Adapting Novelty towards Generating Antigens for Antivirus systems
Ritwik Murali, C Shunmuga Velayutham
TL;DR
This work tackles the brittleness of signature-based antivirus detection by introducing a modular assembly-language framework, MAGE, that uses novelty-search-guided evolutionary algorithms to generate diverse, valid malware variants while preserving malicious intent. By representing malware as linear assembly programs and applying carefully constrained mutation and crossover operators, the framework promotes high-diversity variant generation and constructs a dataset of antigens that can train malware analysis engines. The key contributions include a novelty-based quality indicator, a set of assembly-level transformation operators (e.g., $T_{FI}$, $T_{FJ}$, $T_{UB}$, $T_{CZJ}$, $T_{CNZJ}$, $T_{CBI}$), and empirical evidence that evolved variants evade over 98% of scanners on VirusTotal, illustrating the practical value for proactive defense. The resulting antigen dataset and modular architecture offer a flexible platform for advancing malware detection and resilience against evolving threats.
Abstract
It is well known that anti-malware scanners depend on malware signatures to identify malware. However, even minor modifications to malware code structure results in a change in the malware signature thus enabling the variant to evade detection by scanners. Therefore, there exists the need for a proactively generated malware variant dataset to aid detection of such diverse variants by automated antivirus scanners. This paper proposes and demonstrates a generic assembly source code based framework that facilitates any evolutionary algorithm to generate diverse and potential variants of an input malware, while retaining its maliciousness, yet capable of evading antivirus scanners.
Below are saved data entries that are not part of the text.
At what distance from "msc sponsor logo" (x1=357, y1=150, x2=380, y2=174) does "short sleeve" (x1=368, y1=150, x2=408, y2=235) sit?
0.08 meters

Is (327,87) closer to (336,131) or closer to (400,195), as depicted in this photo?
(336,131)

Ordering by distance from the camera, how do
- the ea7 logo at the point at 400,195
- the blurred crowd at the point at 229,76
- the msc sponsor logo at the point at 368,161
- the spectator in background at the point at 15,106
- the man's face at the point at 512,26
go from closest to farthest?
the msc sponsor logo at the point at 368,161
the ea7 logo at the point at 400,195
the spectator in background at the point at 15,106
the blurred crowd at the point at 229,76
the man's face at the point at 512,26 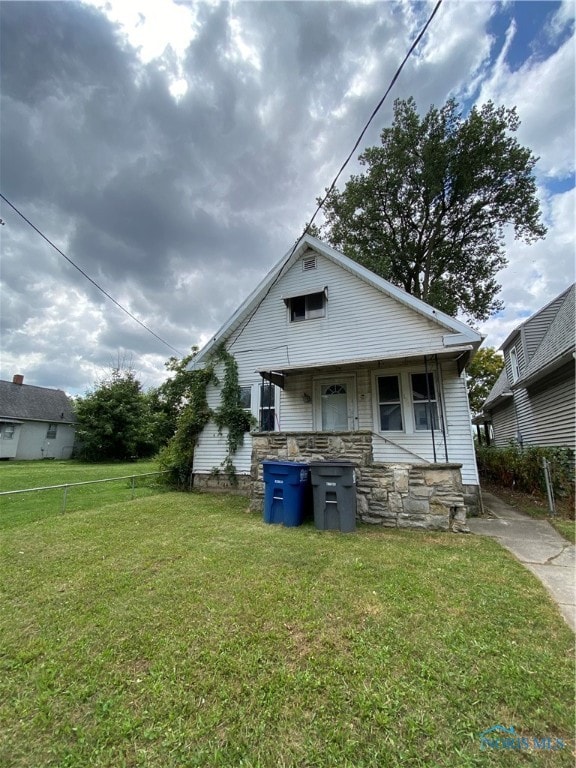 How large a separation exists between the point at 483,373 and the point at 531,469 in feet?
68.6

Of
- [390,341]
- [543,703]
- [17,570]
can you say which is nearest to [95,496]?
[17,570]

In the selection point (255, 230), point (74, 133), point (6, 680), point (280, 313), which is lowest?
point (6, 680)

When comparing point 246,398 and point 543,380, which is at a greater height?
point 543,380

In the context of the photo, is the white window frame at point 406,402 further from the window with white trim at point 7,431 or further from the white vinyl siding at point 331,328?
the window with white trim at point 7,431

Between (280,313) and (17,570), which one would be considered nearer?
(17,570)

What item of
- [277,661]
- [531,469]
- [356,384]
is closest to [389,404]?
[356,384]

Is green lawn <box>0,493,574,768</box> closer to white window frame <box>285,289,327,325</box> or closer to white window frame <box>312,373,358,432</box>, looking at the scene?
white window frame <box>312,373,358,432</box>

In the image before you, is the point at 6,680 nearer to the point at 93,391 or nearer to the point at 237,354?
the point at 237,354

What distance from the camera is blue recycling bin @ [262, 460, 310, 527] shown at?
6.05 metres

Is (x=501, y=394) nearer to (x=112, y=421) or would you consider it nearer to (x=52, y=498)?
(x=52, y=498)

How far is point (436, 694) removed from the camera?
1964 millimetres

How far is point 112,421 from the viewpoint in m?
24.0

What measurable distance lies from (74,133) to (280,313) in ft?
22.1

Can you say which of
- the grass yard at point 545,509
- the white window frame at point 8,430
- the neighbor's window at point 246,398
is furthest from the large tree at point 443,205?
the white window frame at point 8,430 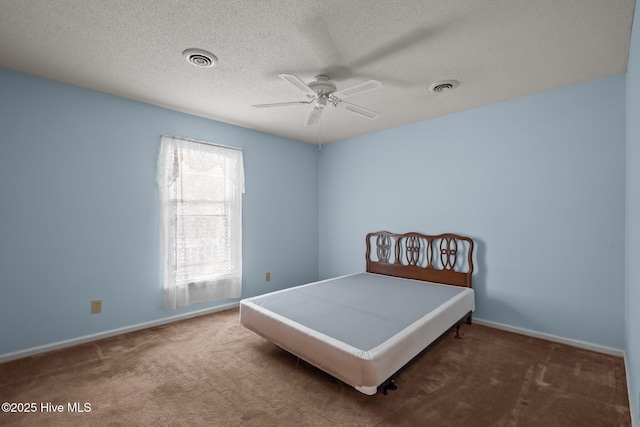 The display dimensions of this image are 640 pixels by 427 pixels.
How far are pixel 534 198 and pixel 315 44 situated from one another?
263 centimetres

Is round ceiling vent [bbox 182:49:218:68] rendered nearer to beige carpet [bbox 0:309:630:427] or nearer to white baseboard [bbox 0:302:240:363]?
beige carpet [bbox 0:309:630:427]

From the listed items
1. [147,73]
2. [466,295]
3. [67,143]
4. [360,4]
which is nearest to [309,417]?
[466,295]

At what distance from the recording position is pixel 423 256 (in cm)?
375

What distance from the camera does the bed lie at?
1.87 m

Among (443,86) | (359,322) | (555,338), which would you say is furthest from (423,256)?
(443,86)

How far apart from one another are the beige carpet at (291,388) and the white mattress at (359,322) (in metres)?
0.24

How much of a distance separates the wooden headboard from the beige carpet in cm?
86

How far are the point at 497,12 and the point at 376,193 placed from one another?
2714mm

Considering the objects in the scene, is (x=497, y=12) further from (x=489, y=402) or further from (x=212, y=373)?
(x=212, y=373)

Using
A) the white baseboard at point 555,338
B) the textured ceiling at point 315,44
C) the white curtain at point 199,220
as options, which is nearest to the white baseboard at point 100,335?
the white curtain at point 199,220

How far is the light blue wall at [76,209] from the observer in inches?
98.0

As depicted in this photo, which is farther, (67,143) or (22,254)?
(67,143)

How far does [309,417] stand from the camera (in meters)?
1.79

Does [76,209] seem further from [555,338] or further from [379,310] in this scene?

Generic code transformation functions and a novelty search supported quality metric have been proposed as components of the framework to be used respectively as variation operators and fitness function, for evolutionary algorithms. The results demonstrate the effectiveness of the framework in generating diverse variants and the generated variants have been shown to evade over 98% of popular antivirus scanners. The malware variants evolved by the framework can serve as antigens to assist malware analysis engines to improve their malware detection algorithms.